Osho – That should be the easiest thing in the world, but it is not. To be oneself one need not do anything; one already is. How can you be otherwise? How can you be anybody else? But I can understand the problem. The problem arises because the society corrupts everybody. The society up to now has been a great corruption. It corrupts the mind, the being. It enforces things on you and you lose contact with yourself. It tries to make something else out of you than that which you were meant to be. It puts you off your center. It drags you away from yourself. It teaches you to be like a Christ or to be like a Buddha or to be like this and that; it never says to you to be yourself. It never allows you freedom to be. It enforces foreign outside images on your mind.

Then the problem arises. You can pretend at the most, and when you pretend you are never satisfied. You always want to be yourself — that is natural — and the society does not allow it. It wants you to be somebody else. It wants you to be phoney. It does not want you to be real, because real people are dangerous people, real people are rebellious people. Real people cannot be controlled so easily, real people cannot be regimented. Real people will live their reality in their own way — they will do their thing; they won’t bother about other things. You cannot sacrifice them. In the name of religion, in the name of the state, nation, race, you cannot sacrifice them. It is impossible to seduce them for any sacrifice. Real people are always for their own happiness. Their happiness is ultimate: they are not ready to sacrifice it for anything else. That’s the problem.

So the society distracts every child: it teaches the child to be somebody else. And by and by the child learns the ways of pretension, hypocrisy. And one day — this is the irony — the same society starts talking to you in this way, starts saying to you: What has happened to you?
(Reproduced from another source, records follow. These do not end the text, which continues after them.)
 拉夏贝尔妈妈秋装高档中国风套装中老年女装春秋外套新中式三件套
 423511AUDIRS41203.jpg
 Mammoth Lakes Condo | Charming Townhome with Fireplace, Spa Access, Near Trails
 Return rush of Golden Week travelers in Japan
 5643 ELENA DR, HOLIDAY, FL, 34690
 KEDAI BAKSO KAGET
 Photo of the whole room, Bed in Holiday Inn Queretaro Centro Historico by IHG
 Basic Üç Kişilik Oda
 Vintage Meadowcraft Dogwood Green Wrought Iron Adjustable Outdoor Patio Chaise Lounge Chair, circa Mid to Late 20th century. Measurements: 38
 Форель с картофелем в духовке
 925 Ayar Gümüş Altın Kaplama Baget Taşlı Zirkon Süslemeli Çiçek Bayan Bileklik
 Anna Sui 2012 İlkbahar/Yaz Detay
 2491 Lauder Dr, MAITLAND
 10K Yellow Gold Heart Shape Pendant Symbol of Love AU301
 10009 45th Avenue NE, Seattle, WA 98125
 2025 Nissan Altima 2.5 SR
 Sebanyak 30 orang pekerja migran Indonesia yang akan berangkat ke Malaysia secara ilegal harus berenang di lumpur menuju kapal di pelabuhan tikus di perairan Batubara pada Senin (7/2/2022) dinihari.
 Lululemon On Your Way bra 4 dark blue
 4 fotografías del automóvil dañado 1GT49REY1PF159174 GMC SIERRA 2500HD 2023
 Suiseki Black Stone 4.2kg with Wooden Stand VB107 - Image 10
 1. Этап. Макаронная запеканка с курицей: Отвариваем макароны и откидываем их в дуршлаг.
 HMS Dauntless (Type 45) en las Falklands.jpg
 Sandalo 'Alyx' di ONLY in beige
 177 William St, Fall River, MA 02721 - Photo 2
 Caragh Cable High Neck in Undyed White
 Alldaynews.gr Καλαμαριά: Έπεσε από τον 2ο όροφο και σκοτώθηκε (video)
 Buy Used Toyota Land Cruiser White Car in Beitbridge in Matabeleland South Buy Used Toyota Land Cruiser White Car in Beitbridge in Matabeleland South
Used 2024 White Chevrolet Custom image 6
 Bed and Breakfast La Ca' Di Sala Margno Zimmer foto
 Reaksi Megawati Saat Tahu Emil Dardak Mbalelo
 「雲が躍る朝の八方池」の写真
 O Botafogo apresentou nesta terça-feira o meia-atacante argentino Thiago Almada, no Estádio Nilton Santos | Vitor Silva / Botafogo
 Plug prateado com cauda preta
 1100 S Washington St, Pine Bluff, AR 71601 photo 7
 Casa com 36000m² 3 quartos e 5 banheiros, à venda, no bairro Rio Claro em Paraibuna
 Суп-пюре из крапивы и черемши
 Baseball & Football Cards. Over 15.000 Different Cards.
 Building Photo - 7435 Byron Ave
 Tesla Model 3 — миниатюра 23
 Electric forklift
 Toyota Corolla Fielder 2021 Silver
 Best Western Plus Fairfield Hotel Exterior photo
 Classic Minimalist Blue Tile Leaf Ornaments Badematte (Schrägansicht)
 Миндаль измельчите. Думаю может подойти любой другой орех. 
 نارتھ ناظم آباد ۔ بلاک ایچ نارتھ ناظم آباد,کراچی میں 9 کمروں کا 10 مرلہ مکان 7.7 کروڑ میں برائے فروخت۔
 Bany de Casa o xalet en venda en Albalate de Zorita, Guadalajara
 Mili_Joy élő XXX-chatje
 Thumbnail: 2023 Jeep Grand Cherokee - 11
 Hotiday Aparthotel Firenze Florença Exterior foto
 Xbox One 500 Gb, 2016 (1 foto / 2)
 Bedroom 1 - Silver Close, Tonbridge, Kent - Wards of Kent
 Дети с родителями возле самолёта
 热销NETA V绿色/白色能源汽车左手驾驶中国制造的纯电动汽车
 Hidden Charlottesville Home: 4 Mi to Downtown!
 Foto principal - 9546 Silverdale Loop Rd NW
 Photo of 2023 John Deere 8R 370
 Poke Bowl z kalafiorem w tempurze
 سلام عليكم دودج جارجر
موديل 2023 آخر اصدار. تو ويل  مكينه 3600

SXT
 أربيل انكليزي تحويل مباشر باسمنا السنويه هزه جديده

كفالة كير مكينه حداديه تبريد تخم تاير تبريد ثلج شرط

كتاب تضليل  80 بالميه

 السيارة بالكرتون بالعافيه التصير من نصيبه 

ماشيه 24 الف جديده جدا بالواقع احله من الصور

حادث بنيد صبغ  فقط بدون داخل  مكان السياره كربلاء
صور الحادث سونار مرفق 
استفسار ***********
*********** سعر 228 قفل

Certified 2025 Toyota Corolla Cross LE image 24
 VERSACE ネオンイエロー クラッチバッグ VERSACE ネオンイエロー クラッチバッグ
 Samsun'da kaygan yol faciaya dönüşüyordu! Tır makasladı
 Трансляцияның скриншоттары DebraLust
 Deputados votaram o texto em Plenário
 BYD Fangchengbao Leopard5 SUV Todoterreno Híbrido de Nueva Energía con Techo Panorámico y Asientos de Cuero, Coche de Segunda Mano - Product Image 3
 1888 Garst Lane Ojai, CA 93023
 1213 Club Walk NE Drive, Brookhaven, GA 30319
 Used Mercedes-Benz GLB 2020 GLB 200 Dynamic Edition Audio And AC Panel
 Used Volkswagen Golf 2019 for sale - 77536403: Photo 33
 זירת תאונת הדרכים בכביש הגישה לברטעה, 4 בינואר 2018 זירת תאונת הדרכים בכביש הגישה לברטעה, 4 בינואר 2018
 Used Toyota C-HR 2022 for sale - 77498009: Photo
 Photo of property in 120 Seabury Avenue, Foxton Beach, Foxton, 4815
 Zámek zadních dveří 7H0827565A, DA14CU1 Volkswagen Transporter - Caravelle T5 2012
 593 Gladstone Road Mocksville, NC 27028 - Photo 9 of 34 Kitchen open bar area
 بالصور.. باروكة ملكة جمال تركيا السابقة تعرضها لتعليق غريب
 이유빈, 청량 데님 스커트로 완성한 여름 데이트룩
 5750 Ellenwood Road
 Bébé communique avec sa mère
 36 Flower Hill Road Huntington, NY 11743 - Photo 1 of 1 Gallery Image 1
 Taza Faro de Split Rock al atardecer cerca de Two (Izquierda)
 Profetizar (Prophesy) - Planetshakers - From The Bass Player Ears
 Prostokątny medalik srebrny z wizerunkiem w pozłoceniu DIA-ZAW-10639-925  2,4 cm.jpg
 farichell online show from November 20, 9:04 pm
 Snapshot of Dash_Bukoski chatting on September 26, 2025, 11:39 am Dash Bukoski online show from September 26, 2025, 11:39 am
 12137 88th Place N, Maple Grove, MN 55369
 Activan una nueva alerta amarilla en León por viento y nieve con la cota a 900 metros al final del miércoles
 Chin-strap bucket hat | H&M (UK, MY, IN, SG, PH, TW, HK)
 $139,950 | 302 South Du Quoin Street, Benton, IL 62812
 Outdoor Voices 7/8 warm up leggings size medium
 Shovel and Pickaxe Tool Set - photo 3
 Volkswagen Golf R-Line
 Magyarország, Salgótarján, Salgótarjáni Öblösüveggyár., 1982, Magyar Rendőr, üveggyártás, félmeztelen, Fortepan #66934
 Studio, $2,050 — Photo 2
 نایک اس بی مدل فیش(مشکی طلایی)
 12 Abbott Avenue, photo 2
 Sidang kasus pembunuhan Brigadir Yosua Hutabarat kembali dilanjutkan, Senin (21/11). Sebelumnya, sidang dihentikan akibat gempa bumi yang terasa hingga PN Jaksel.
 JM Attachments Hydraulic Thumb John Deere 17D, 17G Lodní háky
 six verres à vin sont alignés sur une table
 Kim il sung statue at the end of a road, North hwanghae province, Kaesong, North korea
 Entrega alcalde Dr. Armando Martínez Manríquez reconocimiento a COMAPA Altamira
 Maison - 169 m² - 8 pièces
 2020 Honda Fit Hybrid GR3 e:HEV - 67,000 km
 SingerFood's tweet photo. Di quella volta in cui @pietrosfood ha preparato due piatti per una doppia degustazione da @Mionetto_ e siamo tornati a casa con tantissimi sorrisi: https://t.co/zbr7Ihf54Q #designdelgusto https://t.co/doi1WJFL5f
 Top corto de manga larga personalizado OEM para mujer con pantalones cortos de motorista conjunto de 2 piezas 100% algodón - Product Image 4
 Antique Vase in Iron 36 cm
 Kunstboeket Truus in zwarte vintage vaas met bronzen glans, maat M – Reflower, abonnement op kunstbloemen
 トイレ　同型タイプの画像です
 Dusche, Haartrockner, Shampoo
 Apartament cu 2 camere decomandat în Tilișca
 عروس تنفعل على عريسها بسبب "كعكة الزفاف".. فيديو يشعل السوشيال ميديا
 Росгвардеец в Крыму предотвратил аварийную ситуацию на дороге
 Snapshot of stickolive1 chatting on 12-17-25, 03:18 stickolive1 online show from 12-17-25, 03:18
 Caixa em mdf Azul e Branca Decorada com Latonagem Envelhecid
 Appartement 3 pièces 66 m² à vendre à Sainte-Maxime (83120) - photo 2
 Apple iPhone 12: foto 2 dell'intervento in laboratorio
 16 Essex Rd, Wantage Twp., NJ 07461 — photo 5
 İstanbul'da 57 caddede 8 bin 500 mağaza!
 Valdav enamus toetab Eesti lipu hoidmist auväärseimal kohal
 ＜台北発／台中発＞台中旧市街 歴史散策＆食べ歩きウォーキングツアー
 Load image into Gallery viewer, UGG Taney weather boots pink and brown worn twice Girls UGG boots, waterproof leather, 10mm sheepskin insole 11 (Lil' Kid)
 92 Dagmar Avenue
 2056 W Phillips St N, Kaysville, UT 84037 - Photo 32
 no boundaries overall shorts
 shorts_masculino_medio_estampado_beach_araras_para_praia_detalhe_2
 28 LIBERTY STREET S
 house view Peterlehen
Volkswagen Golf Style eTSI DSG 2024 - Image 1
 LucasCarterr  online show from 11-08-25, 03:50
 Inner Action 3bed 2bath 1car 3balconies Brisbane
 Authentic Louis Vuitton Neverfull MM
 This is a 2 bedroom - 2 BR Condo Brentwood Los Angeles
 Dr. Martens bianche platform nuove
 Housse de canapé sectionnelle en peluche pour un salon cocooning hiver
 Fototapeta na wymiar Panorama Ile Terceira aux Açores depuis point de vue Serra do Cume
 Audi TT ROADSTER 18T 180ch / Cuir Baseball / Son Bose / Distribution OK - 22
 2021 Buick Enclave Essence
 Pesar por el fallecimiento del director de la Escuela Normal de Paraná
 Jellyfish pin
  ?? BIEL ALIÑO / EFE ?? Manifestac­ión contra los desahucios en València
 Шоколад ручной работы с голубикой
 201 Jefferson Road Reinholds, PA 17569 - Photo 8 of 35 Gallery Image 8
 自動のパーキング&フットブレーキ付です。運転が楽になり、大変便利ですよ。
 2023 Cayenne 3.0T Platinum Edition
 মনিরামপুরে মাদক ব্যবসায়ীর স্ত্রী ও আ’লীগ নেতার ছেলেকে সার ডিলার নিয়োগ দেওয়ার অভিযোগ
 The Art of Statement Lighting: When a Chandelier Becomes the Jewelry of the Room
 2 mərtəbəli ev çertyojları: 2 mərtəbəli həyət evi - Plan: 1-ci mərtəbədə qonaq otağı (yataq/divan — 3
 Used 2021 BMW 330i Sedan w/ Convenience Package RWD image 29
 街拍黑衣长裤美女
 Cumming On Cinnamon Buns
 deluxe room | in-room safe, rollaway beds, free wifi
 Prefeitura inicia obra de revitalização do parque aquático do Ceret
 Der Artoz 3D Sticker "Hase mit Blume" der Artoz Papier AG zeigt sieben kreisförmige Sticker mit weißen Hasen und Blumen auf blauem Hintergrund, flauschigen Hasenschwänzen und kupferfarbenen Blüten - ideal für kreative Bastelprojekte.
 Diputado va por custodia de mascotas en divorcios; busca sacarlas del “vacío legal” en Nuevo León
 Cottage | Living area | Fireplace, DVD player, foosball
Why are you not happy? Why do you look miserable? Why are you sad? And then come the priests. First they corrupt you, the distract you from the path of happiness — because there is only one happiness possible and that is to be yourself — then they come and say to you: Why are you unhappy? Why are you miserable? And then they teach you ways to be happy. First they make you ill and then they sell medicines. It is a great conspiracy.

I have heard…
A little old Jewish lady sits down on a plane next to a big Norwegian. She keeps staring and staring at him. Finally she turns to him and says, “Pardon me, are you Jewish?”
He replies, “No.”
A few minutes go by, and she looks at him again and asks, “You can tell me — you are Jewish, aren’t you?”
He answers, “Definitely not.”
She keeps studying him and says again, “I can tell you are Jewish.”
In order to get her to stop annoying him the gentleman replies, “Okay, I’m Jewish.”
She looks at him and shakes her head back and forth, and says, “You don’t look it.”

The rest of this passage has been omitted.